Why 1?    The health check timed out.
Why 2?    The app took too long to start.
Why 3?    It was waiting on a slow database connection.
Why 4?    The connection pool was exhausted.
Why 5?    A recent change removed the connection limit config.
Root cause: Missing connection pool configuration in the new environment.

When to use: Post-mortems, root cause analysis, any time a fix feels shallow (“we just need to restart it”).

Interview tip: Five iterations is a guideline, not a rule. Stop when you reach something actionable and preventable.

Edge Case Checklist

Before finalising any solution, run through this checklist mentally.

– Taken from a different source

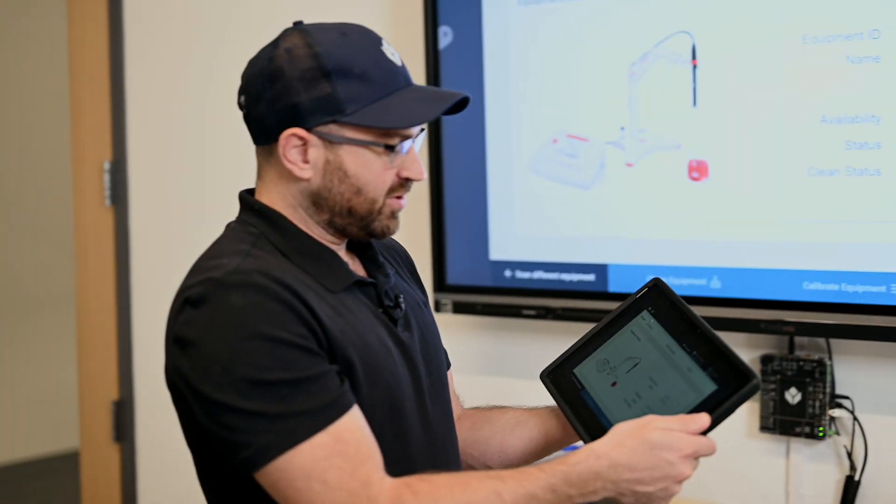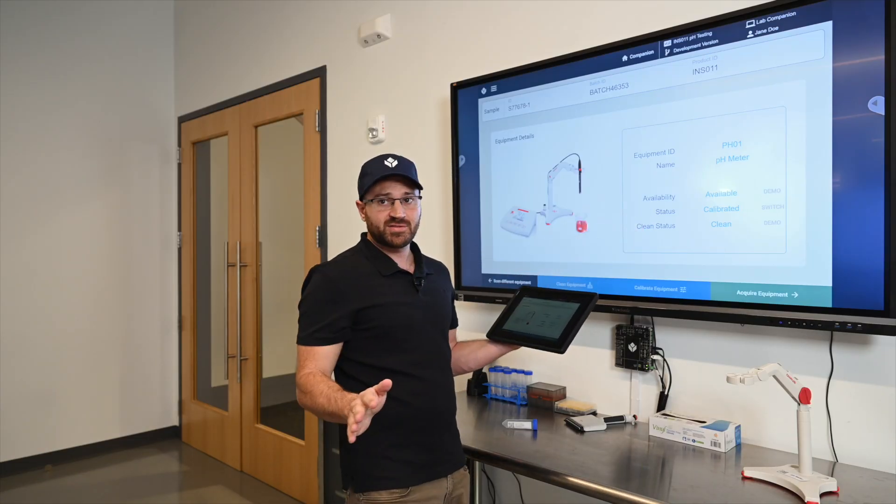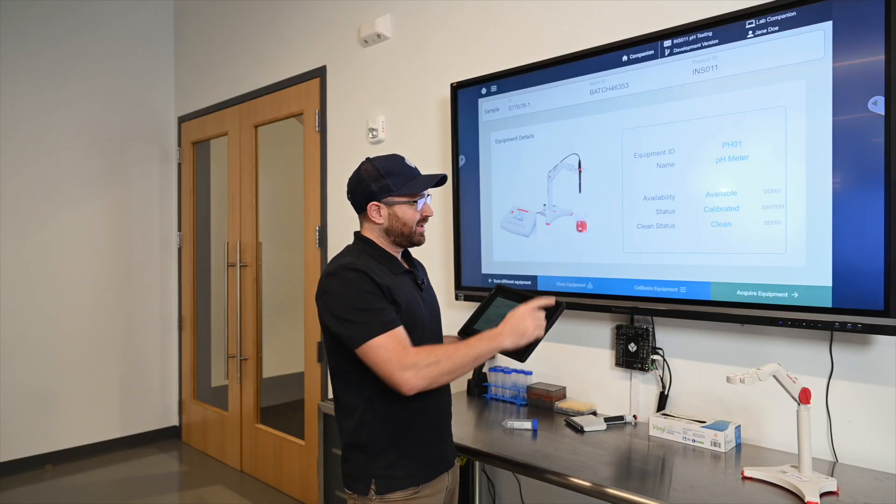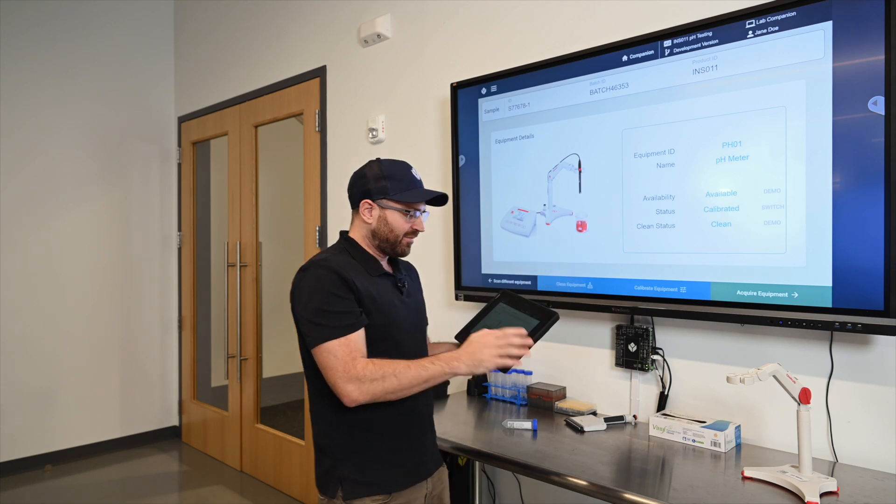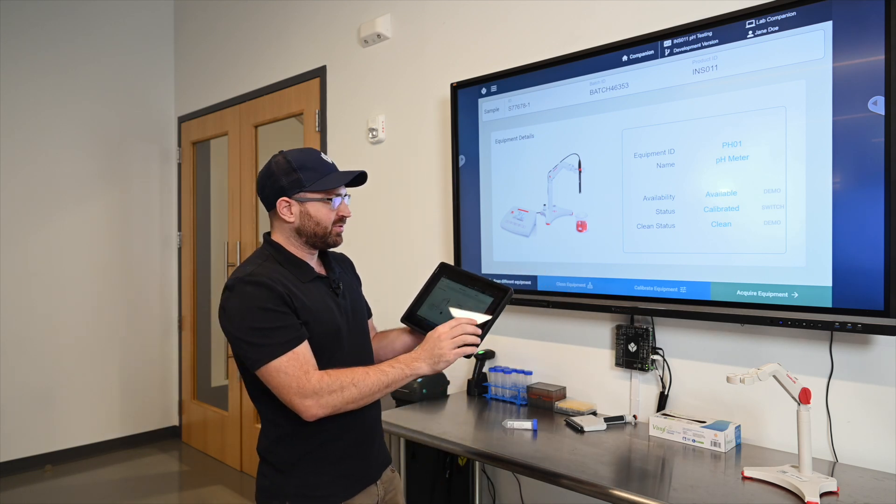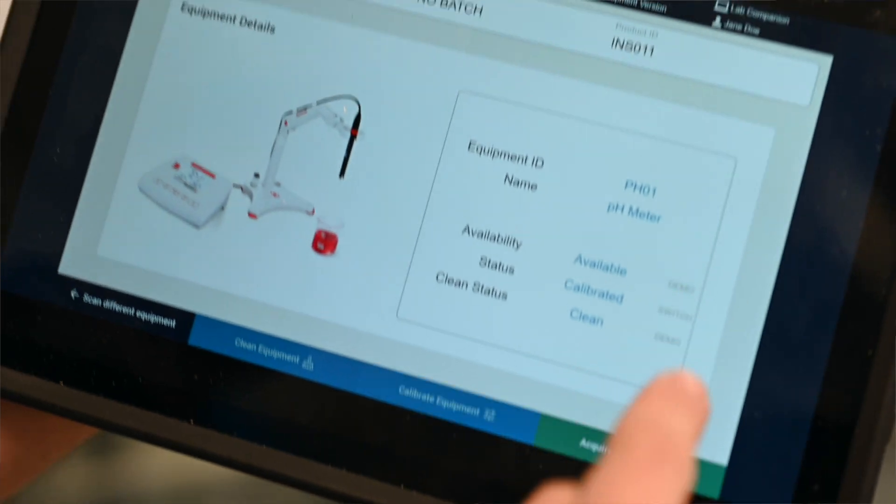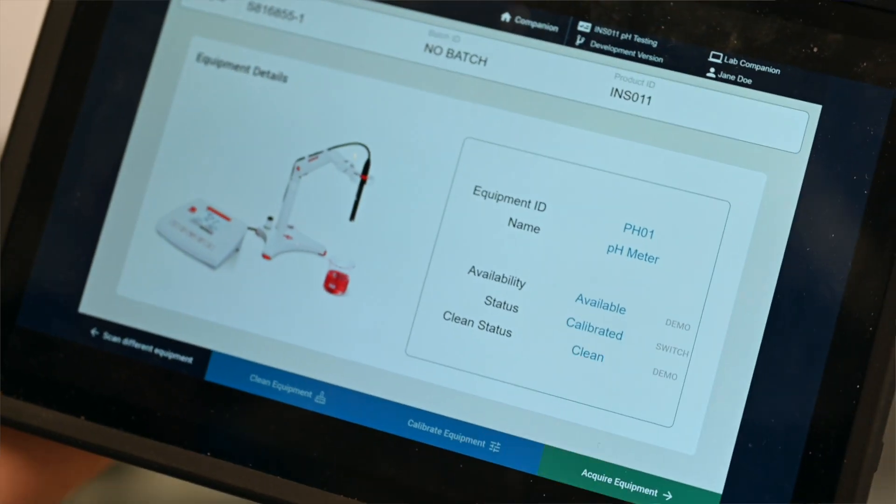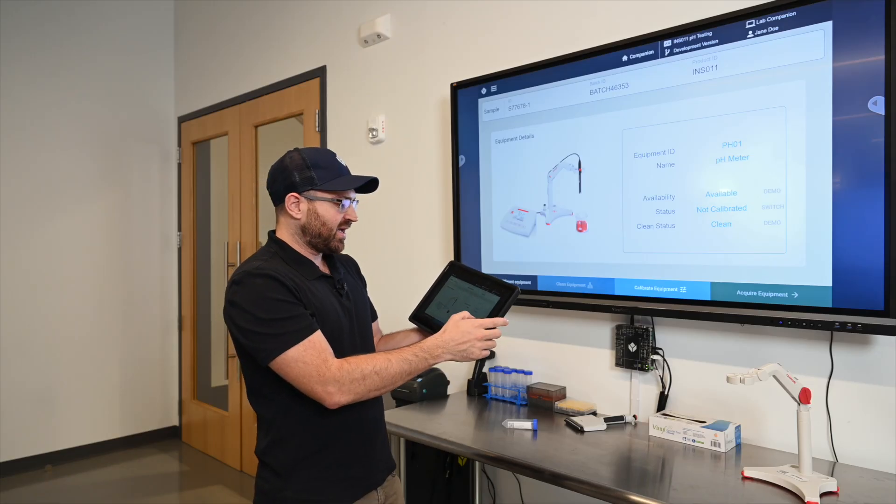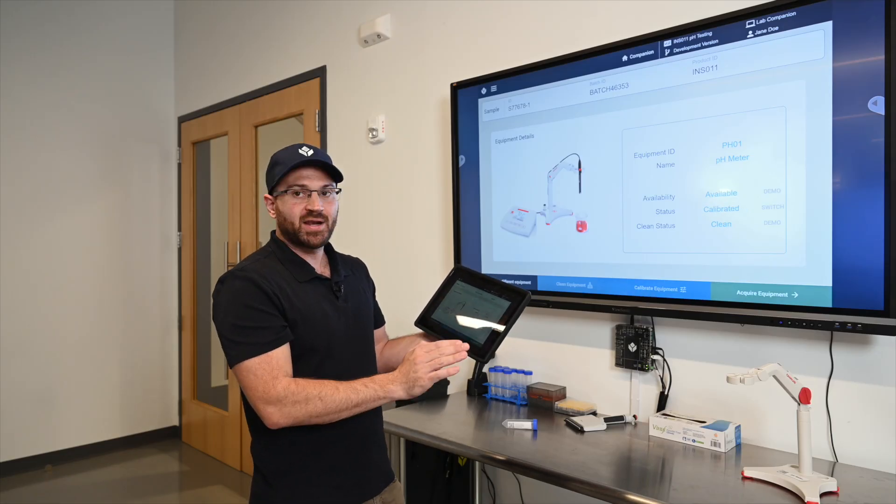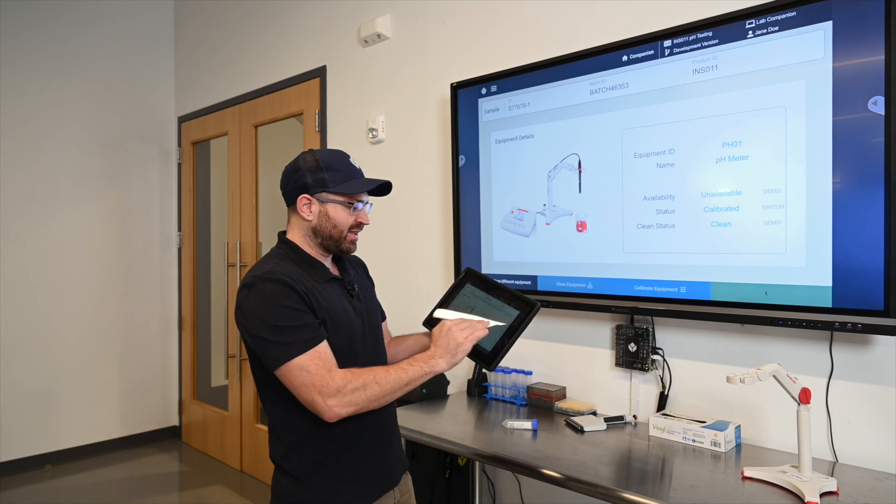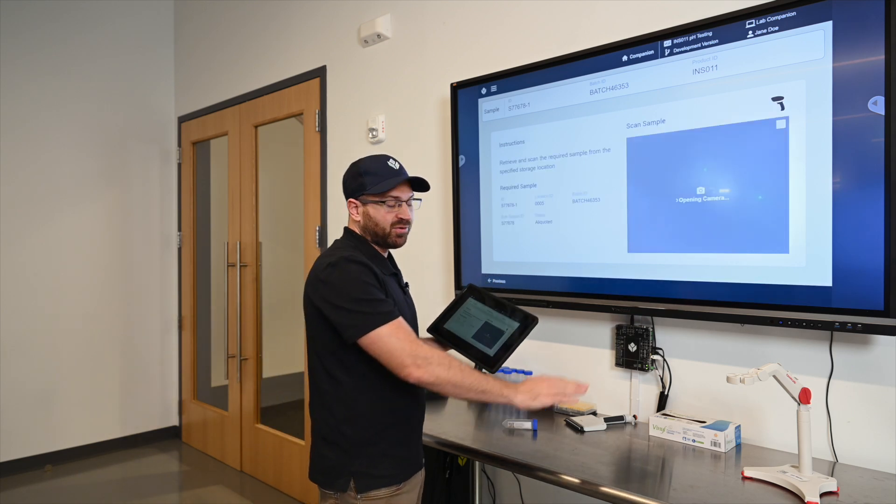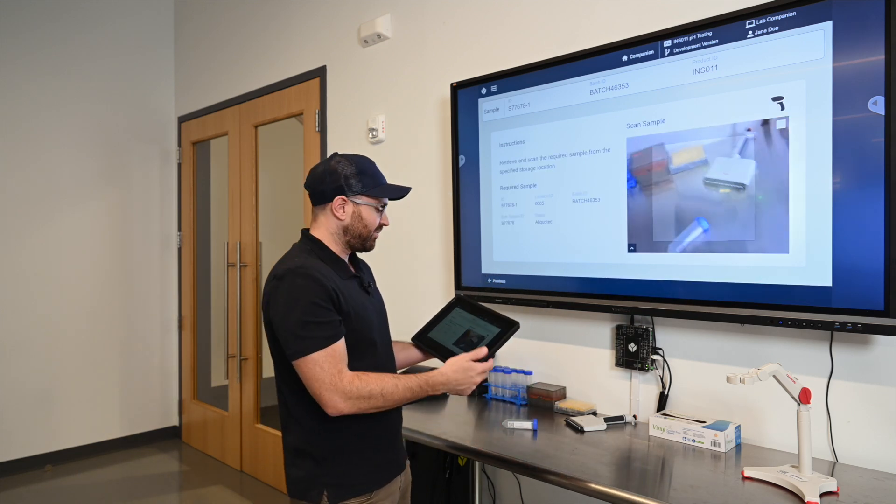To do that it has to be available meaning no one else is using it. It has to be calibrated and it has to be cleaned. If it weren't calibrated I wouldn't be able to acquire the equipment. I'd actually have to jump into a different procedure for calibration. But instead for demo purposes I'm just going to acquire the equipment. So now I've made this equipment unavailable and no one else can use it while I go get my sample.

□  Empty / null / zero inputs
□  Single element / minimum valid input
□  Maximum input (scale / size limits)
□  Duplicate values
□  Negative numbers or invalid types
□  Already-sorted or reverse-sorted data
□  Off-by-one boundaries
□  Concurrent access / race conditions (for systems)

When to use: After writing any function or designing any API — before saying “I’m done.”

Algorithm Pattern Recognition

When you see a problem, use these signals to identify the right technique before writing any code.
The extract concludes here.